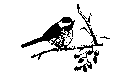 Black-capped Chickadee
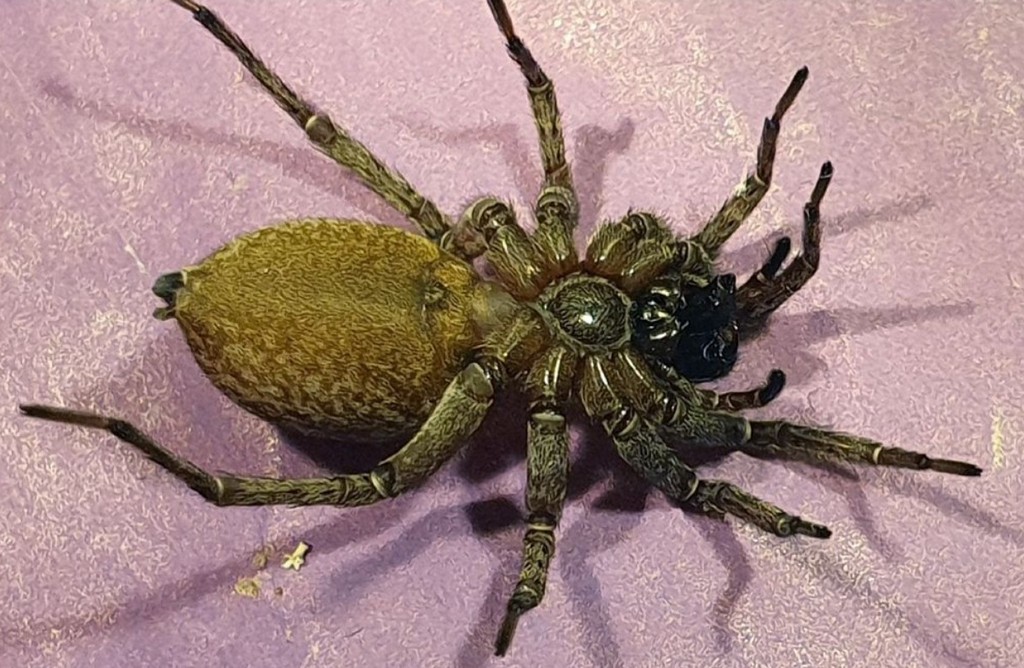 Alopecosa_aculeata-6.jpg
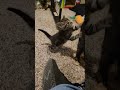 Kittens playing with mom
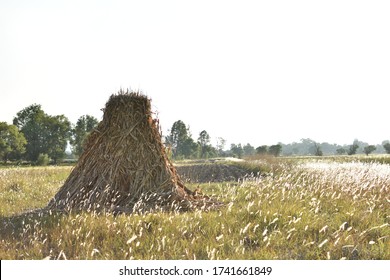 Dead Corn And Wheat Crop Field.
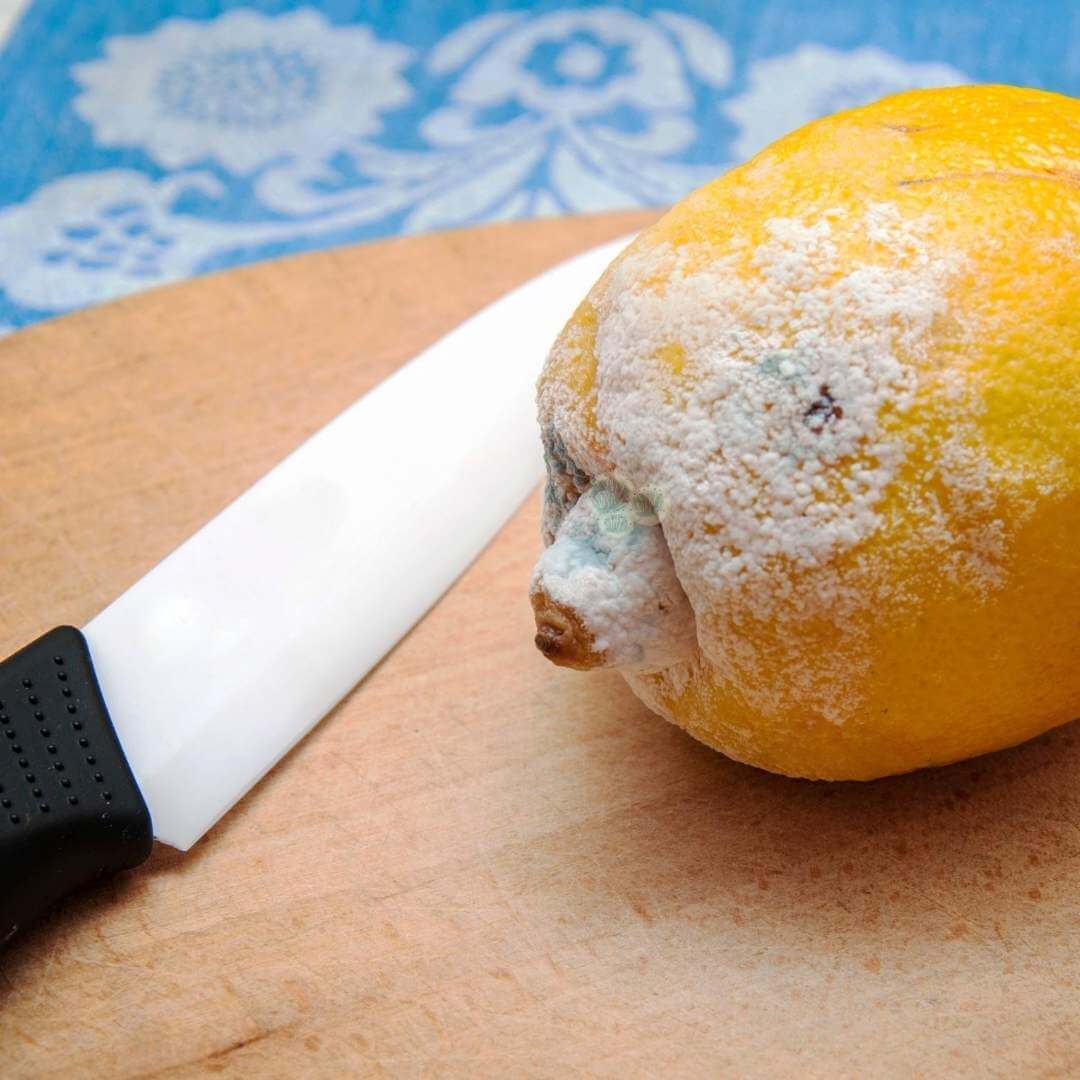 Lemon with some mold on it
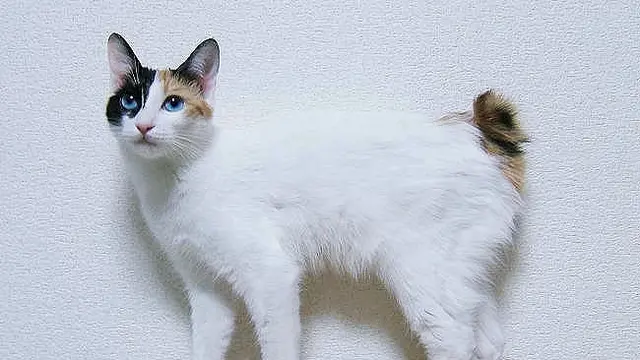 Japanese Bobtail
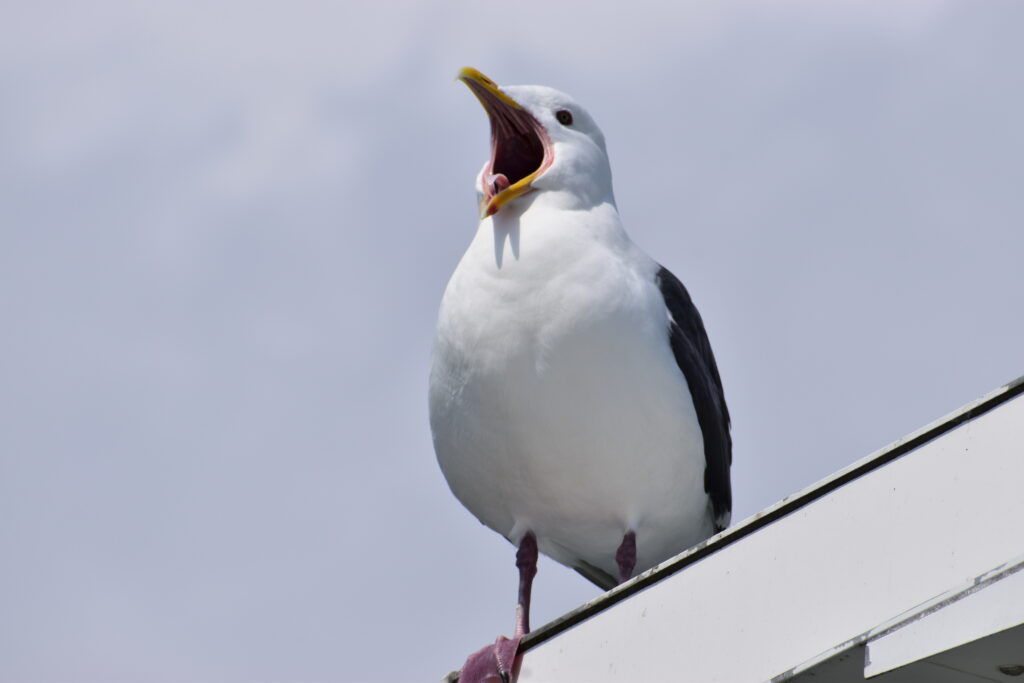 カモメ画像3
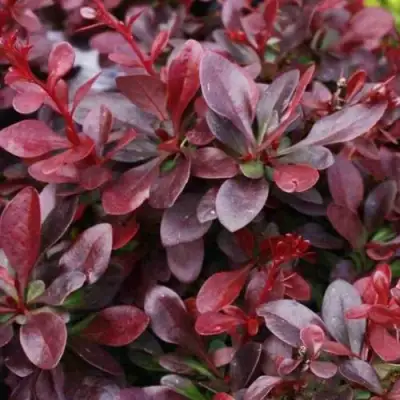 Барбарис АТРОПУРПУРЕА НАНА тунберга в Колодищи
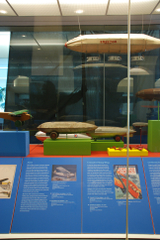 Image: Installation view of "Young Eyes on the Skies: The Golden Age of Aviation Toys"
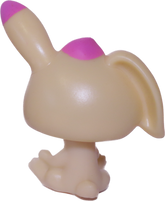No # Rabbit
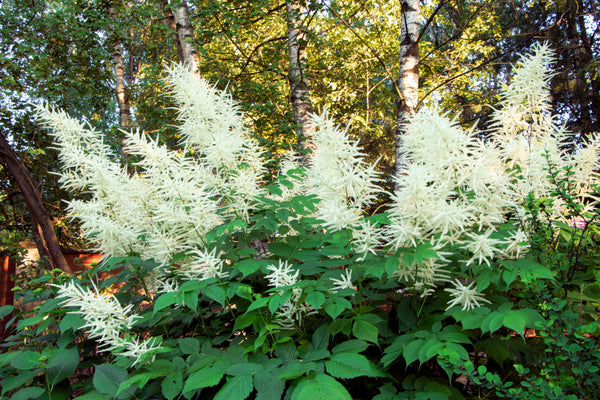 Goat's Beard Seeds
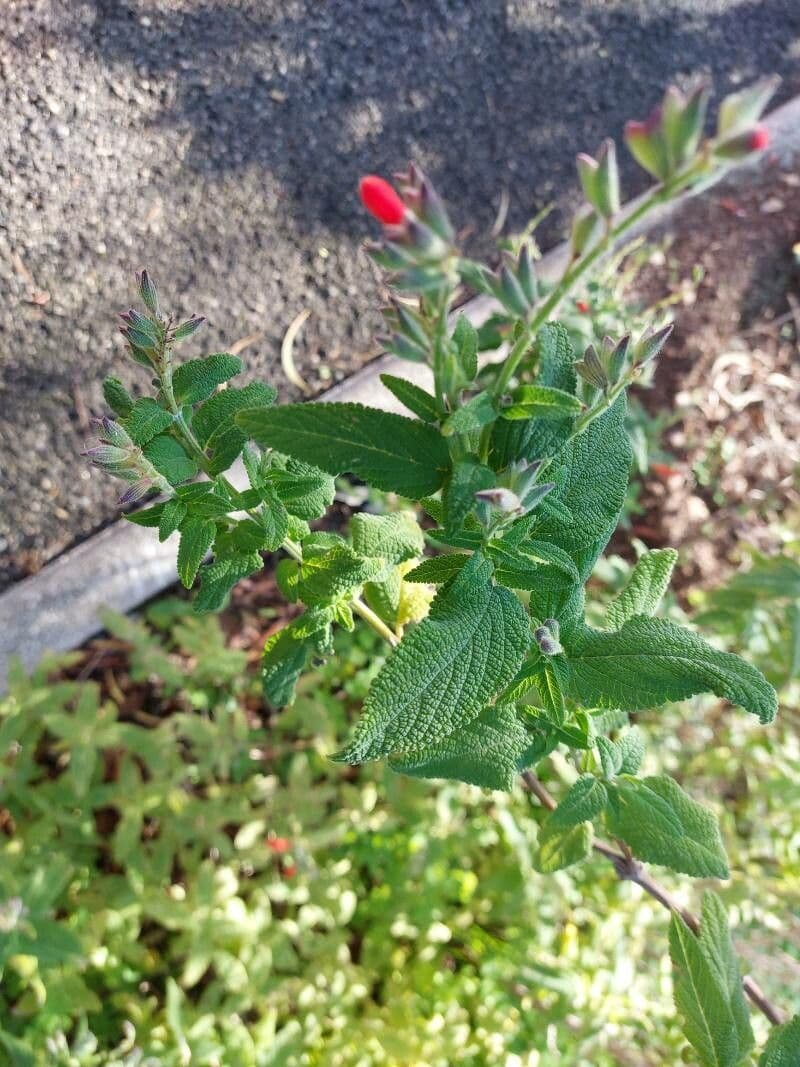 Salvia 3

※ ※ ※

**To do:**
All of the lines above should be printed exactly, minus the pictures.

**Response below:**
 Black-capped Chickadee
 Alopecosa_aculeata-6.jpg
 Kittens playing with mom
 Dead Corn And Wheat Crop Field.
 Lemon with some mold on it
 Japanese Bobtail
 カモメ画像3
 Барбарис АТРОПУРПУРЕА НАНА тунберга в Колодищи
 Image: Installation view of "Young Eyes on the Skies: The Golden Age of Aviation Toys"
No # Rabbit
 Goat's Beard Seeds
 Salvia 3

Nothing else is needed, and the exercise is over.